Akhlesh Lakhtakia: The 2024 SPIE Gold Medal
Akhlesh Lakhtakia’s research is rooted in electromagnetic propagation in complex materials. A pioneer in the area of chiral electromagnetics, in the mid-1980s he played a leading role in founding the field of complex-material electromagnetics. He conceptualized sculptured thin films (STFs) during the early 1990s and spearheaded the principles of electromagnetics in nanoengineered chiral STFs: analytic solutions for wave propagation, matrix Green Functions, canonical sources, nanoscopic-to-macroscopic structure-properties models, surface-wave propagation, and time-domain pulse shaping. Since the mid-1990s, he has extended homogenization theories to account for inclusion size, inclusion shape, and material complexity (isotropic chirality, linear bianisotropy, nonlinear bianisotropy). He created several key concepts for metamaterials, including nihility; simple equations to predict negative-phase-velocity propagation in isotropic dielectric-magnetic materials; distinction between negative refraction, negative phase velocity, and counterposition; negative reflection; negative phase velocity in relativistic scenarios; and particulate metamaterials to simulate gravitational metrics. Lakhtakia also developed the concept of Dyakonov Tamm waves — useful for biosensing — experimentally verifying their existence and provided evidence of the existence of Zenneck waves in the optical regime using a grating-coupled excitation technique. In 2022, Lakhtakia, the Evan Pugh University Professor and Charles Godfrey Binder Professor in Engineering Science and Mechanics at Pennsylvania State University, became the sixth recipient of the Lifetime Achievement Award of the Radio Club of America, the world’s oldest wireless engineering society. That same year, he received the SPIE Smart Structures and Materials Lifetime Achievement Award.
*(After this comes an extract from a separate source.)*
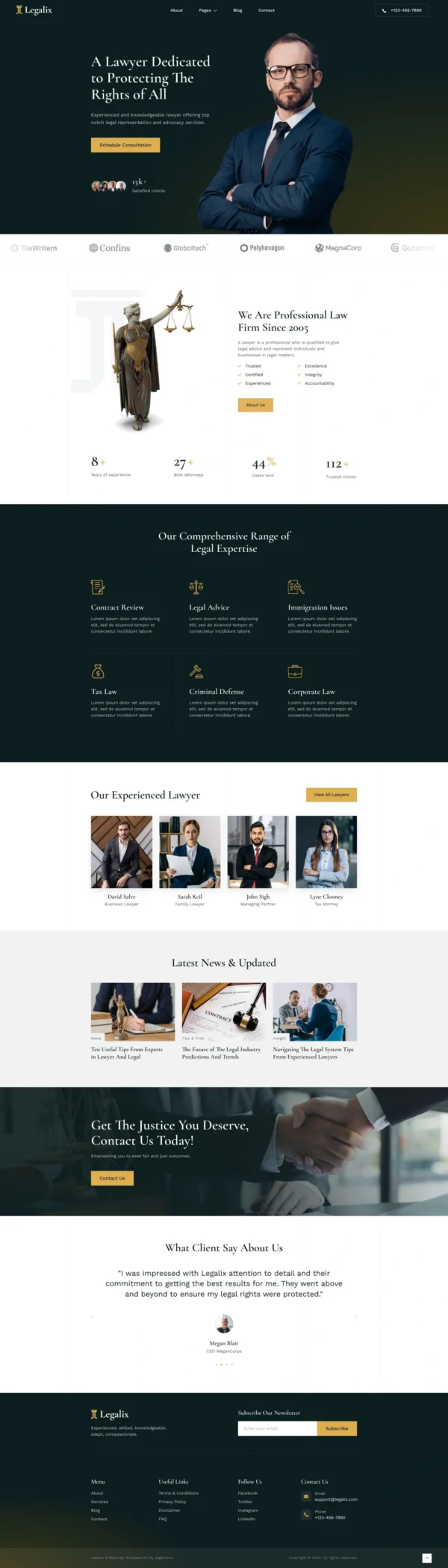 Legalix – Lawyer and Attorney Website Design Package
An SPIE Fellow, Lakhtakia served as the inaugural editor-in-chief of the Society’s Journal of Nanophotonics from 2006 until 2017. He has co-authored or edited several SPIE Press books including 2005’s Sculptured Thin Films: Nanoengineered Morphology and Optics and 2010’s Nanotechnology: A Crash Course. He has chaired and co-chaired more than 30 SPIE conferences, from “Bioinspiration, Biometrics, and Bioreplication,” to “Surface Engineering and Forensics.” He has also contributed to many conferences as a program chair, a program committee member, and a course instructor. In addition, he’s participated as a member of several committees including the Publications Committee and the Technology Achievement Award Committee.
“I have known Akhlesh for more than two decades through our regular participation at SPIE meetings,” says Jet Propulsion Laboratory Senior Research Scientist and Electroactive Technologies Group Supervisor Yoseph Bar-Cohen, also an SPIE Fellow. “When I look at his prolific career spanning more than 40 years, I find that he was one of the few electromagnetics and optics researchers who recognized before 1985 that major future developments would come through research on complex and engineered materials. He initiated and catalyzed research on isotropic chiral composite materials for both optics and millimeter-wave applications by coming up with canonical theorems and scattering formalisms. He conceived fibrous nanomaterials and micromaterials for diverse functionalities, and he solved Maxwell equations analytically for these materials. In addition, he devised new homogenization techniques to determine the effective constitutive tensors of architected materials. I have worked with many highly skilled researchers for a long time now, and I know and recognize excellence. With his innovative and key accomplishments in optics and electromagnetics, Akhlesh Lakhtakia embodies excellence.”